=== Records shown ===
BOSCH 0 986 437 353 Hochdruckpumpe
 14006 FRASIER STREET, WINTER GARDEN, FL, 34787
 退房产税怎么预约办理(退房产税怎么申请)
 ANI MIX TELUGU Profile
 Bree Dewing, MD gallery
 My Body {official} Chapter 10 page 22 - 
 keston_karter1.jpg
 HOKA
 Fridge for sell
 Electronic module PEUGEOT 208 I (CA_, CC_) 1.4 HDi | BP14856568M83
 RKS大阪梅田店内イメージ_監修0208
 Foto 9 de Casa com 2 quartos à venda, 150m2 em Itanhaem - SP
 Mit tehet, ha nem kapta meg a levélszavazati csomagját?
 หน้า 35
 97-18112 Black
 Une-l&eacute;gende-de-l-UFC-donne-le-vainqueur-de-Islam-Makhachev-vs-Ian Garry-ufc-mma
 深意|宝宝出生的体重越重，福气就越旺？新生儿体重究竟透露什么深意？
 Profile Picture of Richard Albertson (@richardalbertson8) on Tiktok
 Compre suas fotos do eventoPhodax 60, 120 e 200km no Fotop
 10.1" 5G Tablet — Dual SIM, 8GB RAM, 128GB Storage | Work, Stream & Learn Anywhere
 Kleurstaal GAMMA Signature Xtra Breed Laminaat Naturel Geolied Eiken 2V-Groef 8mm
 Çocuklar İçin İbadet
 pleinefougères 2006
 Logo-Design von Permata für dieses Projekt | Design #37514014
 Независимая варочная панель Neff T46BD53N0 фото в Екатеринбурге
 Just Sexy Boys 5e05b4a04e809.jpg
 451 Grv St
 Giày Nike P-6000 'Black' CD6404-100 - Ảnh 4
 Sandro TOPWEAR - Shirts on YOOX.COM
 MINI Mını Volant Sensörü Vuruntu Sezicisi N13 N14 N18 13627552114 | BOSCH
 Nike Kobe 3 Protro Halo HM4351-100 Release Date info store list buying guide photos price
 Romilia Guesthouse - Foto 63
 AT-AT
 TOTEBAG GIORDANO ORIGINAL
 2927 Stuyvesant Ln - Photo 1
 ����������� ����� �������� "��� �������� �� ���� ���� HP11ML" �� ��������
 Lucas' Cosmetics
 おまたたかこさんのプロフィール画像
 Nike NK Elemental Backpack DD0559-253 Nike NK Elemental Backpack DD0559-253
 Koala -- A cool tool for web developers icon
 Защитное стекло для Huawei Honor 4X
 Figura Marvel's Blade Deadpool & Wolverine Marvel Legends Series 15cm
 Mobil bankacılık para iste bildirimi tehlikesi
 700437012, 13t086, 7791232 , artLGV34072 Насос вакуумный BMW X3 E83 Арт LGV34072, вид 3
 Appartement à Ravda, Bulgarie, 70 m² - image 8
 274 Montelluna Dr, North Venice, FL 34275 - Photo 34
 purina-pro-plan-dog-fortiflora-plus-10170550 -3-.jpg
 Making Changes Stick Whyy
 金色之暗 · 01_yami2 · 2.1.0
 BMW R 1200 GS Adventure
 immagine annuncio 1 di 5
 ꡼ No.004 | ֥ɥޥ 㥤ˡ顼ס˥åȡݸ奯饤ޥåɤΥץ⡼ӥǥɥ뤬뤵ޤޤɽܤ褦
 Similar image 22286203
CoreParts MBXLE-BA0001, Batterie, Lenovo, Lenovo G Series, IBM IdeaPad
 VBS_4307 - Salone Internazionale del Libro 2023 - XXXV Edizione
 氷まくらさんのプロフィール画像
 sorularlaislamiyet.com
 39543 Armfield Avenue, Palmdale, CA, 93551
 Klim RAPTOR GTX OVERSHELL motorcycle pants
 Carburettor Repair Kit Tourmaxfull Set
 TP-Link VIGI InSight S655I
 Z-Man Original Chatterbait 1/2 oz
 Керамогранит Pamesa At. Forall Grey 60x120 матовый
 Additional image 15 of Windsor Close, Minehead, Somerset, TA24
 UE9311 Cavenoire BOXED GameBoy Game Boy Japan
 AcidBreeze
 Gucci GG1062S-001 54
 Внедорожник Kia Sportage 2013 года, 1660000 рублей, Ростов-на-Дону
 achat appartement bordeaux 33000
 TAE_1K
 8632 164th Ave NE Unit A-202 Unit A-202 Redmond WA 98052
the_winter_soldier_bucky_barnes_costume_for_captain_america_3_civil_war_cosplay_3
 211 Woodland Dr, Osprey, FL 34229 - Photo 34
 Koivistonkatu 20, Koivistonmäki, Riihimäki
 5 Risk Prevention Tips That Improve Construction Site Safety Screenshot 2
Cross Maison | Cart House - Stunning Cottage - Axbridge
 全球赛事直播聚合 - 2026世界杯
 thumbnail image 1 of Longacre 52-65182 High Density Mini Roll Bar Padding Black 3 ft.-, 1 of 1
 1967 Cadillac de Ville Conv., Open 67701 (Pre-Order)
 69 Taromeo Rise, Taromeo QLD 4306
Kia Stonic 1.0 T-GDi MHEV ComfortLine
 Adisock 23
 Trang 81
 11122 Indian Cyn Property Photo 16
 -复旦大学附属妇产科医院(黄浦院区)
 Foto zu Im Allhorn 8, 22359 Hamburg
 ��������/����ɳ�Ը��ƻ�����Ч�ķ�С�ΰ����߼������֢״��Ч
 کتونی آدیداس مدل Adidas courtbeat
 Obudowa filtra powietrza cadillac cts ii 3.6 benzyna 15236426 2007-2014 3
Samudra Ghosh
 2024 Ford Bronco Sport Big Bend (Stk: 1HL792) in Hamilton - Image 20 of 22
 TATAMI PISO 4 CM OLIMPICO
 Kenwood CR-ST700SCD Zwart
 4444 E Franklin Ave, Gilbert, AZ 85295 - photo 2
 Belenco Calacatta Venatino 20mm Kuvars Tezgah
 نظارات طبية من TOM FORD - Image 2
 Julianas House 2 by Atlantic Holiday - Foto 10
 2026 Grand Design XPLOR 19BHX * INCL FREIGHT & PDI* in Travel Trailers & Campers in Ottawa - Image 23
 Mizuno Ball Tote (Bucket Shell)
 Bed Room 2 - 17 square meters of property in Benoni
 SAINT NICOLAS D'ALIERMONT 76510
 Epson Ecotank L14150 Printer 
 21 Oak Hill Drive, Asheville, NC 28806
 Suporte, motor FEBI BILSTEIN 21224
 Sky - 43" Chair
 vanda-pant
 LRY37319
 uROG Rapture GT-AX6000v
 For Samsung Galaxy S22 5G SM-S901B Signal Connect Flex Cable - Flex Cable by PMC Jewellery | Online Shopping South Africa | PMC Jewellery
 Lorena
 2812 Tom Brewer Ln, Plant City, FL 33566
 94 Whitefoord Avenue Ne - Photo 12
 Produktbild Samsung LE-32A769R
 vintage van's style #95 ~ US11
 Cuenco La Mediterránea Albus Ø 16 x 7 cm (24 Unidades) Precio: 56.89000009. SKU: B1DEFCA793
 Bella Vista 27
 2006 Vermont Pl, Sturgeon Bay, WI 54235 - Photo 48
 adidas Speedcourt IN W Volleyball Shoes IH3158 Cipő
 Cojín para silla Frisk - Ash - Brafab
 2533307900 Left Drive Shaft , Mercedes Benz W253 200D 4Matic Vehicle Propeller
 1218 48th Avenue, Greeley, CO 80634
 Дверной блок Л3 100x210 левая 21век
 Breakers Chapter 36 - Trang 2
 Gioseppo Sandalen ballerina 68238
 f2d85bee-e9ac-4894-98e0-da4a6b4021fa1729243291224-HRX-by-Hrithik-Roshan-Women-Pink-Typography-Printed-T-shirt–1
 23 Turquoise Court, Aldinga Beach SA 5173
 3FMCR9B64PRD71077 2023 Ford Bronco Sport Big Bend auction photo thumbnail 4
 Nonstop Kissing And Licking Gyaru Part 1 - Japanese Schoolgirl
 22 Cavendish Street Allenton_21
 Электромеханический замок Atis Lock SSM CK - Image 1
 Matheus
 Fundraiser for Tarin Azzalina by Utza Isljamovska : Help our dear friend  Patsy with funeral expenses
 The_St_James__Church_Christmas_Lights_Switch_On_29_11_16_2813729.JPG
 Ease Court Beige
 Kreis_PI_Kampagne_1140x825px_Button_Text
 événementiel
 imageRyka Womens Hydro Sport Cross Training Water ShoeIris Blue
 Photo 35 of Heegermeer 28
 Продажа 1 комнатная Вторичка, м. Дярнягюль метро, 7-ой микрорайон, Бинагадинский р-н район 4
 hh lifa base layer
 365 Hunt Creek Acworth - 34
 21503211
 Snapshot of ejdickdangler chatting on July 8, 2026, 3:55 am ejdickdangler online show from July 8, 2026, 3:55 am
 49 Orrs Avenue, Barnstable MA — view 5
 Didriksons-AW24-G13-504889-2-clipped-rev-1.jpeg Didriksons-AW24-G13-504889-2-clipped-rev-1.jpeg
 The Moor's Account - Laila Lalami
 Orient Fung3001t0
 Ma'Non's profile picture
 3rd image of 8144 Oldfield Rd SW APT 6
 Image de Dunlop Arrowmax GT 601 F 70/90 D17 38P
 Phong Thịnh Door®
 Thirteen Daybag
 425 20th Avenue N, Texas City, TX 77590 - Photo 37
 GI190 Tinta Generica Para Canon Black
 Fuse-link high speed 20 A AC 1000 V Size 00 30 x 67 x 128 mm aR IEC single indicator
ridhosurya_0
===
> **Work instructions**
Look back at the data above. Transcribe exactly the lines starting at the line that contains "Ease Court Beige" and ending at the line that contains "49 Orrs Avenue, Barnstable MA — view 5".

> **Answer section**
 Ease Court Beige
 Kreis_PI_Kampagne_1140x825px_Button_Text
 événementiel
 imageRyka Womens Hydro Sport Cross Training Water ShoeIris Blue
 Photo 35 of Heegermeer 28
 Продажа 1 комнатная Вторичка, м. Дярнягюль метро, 7-ой микрорайон, Бинагадинский р-н район 4
 hh lifa base layer
 365 Hunt Creek Acworth - 34
 21503211
 Snapshot of ejdickdangler chatting on July 8, 2026, 3:55 am ejdickdangler online show from July 8, 2026, 3:55 am
 49 Orrs Avenue, Barnstable MA — view 5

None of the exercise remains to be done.